• Supplied information:
**********

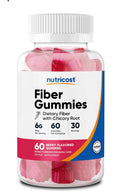Nutricost - Fiber Gummies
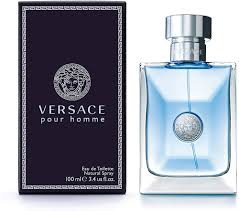 VERSACE POUR HOMME BY VERSACE EDT 3.4OZ SPRAY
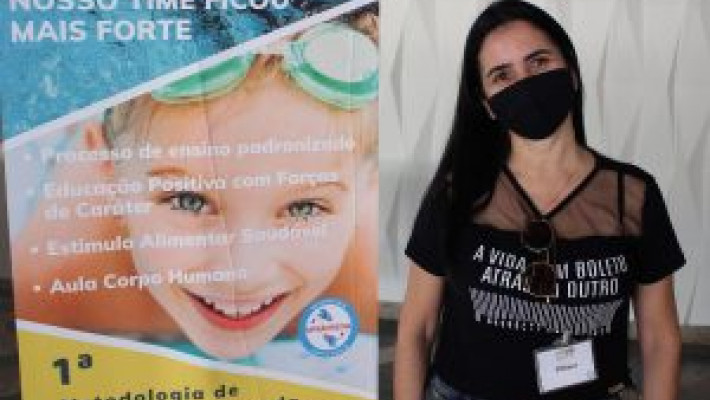 1º Treinamento AABB Pará de Minas – Natação Sistema Positivo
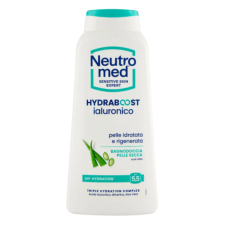 Гель для душу Neutromed Hydraboost для сухої шкіри з алое вера, pH 5.5, 600 мл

**********

• Exercise brief: Output the complete listing exactly as it appears, except for the images.

• Solution:
Nutricost - Fiber Gummies
 VERSACE POUR HOMME BY VERSACE EDT 3.4OZ SPRAY
 1º Treinamento AABB Pará de Minas – Natação Sistema Positivo
 Гель для душу Neutromed Hydraboost для сухої шкіри з алое вера, pH 5.5, 600 мл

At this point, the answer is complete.